Upbeat yet melancholy, “Sweetwater”‘s power is cemented by its ear-grabbing if bittersweet chorus.

Dark for Dark

“Sweetwater” – Dark for Dark

Lap steel, banjo, and tenor guitar: this here is a country song. Sort of. The instrumentation suggests it, but as soon as Rebecca Zolkower opens her mouth, the song veers in a somewhat different direction. Zolkower sings with the unadorned charm of a dorm-room folksinger; for me, her plain and pretty tone brings Suzzy Roche to mind, a connection reinforced by the band’s composition—Dark for Dark features three women, and three female voices in confident and determined harmony with one another.

“Sweetwater” is upbeat yet melancholy, with brisk, poetic verses and a power cemented by an ear-grabbing chorus, in which, first, a jaunty melody (tracing a B major chord in a I-V-III pattern) is matched to what may be our language’s most desolate phrase (“And when I die”). But then: both the lyrics and melody slide almost out of hearing, and background singers Jess Lewis and Mel Stone proceed to echo words we didn’t quite hear when Zolkower first sang them. It’s an odd but engaging few moments. The front woman comes back to the foreground on the last phrase (“in the ground”) in a catching-up-from-behind manner that provides almost as endearing a closure as the follow-up surely does: the wordless “bah-bah” exchange between lead and backup singers through one more melodic run-through of the chorus, minus the elusive sections.

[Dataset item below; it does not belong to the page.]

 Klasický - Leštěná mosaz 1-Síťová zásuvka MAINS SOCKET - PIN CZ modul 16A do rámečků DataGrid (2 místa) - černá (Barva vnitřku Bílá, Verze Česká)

And, as often happens here, reading about it is more complicated than listening to it. Hell, the song is only two minutes twenty-eight seconds. I suggest listening.

Dark for Dark was founded in 2012, but all three members are veterans of the Halifax music scene, and Zolkower and Stone were previously together in the band The Prospector’s Union. Zolkower got the name for the band while reading The Hobbit a few years ago, and kind of laughs now at how inapposite the name is for the kind of lovely music the eventual band eventually created. “Sweetwater” is the second track on the group’s debut album, Warboats, which was self-released last month. You can listen to the whole thing, and purchase it, via Bandcamp.

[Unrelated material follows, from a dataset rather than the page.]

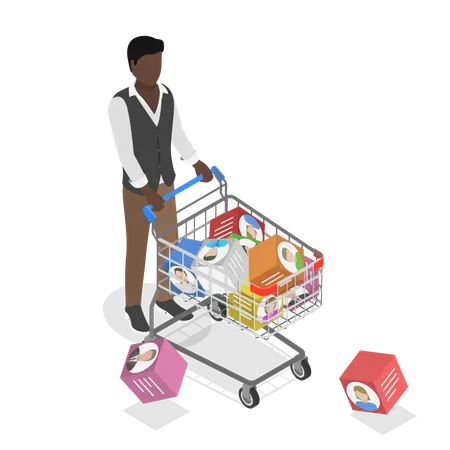 3 D Isometric Flat Vector Illustration Of Personal Data Selling Monetization And Illicit Use Of Stolen Data Illustration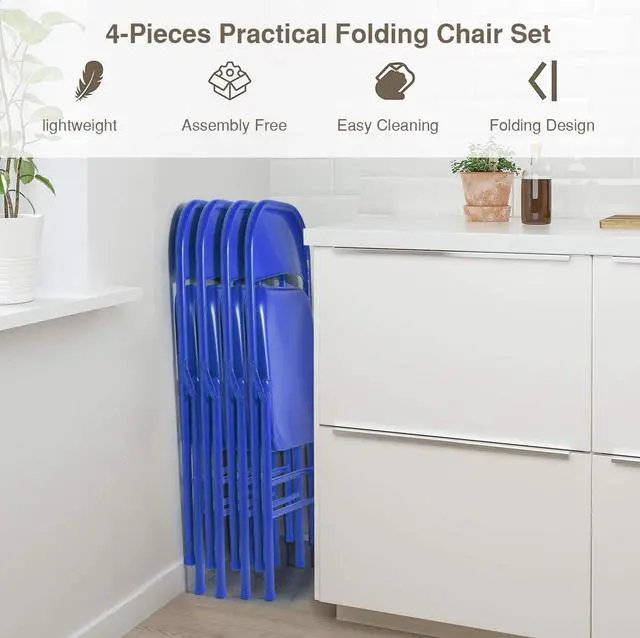 Alt view image 6 of 7 - VECELO Metal Folding Chairs 4 Pack, Double Hinged Steel Frame Easy Foldable&Stackable for Office Kitchen Dinning Wedding Patio and Garden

Free and legal MP3: EP’s Trailer Park (nostalgic sing-along from Sweden)

An airy, agile flute line sets the tone early, launching “Cynical Lover” into a partly-sunny haze of nostalgic piano chords, swaying melodies, and rich harmonies.

EP's Trailer Park

“Cynical Lover” – EP’s Trailer Park

An easy-going sing-along with the air of the ’70s about it. And no banjo or pedal steel at all, as those instruments were banned before the recording started. It was one of 12 “dogmatic rules” the band posted in advance, and apparently obeyed. The list is too good not to reproduce here:

1. A ban on all things Beatles
2. A ban on Pedal steel, banjo and mandolin
3. Vocals is the finest instrument
4. No alcohol or sweets in the studio
5. Acoustic instruments should go before electric
6. No guest singers or duets
7. The drums should sound like drums
8. The vocals will be sung shirtless
9. The coffee should be taken on Mellqvists and lunch at Rosen
10. Short songs should go before long songs
11. Beautiful is good
12. At least one murder ballad

An airy, agile flute line sets the tone early here, launching “Cynical Lover” into a partly-sunny haze of nostalgic piano chords, swaying melodies, and rich harmonies. Front man Eric Palmqwist sings with a fragile kind of assertiveness (I hear Rick Danko in this somewhere), and while his unschooled tenor is not the kind of voice one expects to hearing backed by close, invigorating harmonies, it all seems to work, and definitely urges all but the most impassive listeners to join in on the chorus.

Palmqwist started up EP’s Trailer Park in 1999 after his previous band, Monostar, called it quits. This new effort was designed as a kind of revolving-door ensemble, with a variety of musicians passing through the “trailer park” over the years, including Tobias Fröberg (previously featured here) and Björn Yttling from Peter, Bjorn & John. Two of Palmqwist’s three sidemen this time around remain from the last EP’s Trailer Park album, in 2010. “Cynical Lover” is from the outfit’s fourth album, which is self-titled, and was released in Sweden at the beginning of the year; the song was released as a single last month. You can listen to the full album on SoundCloud.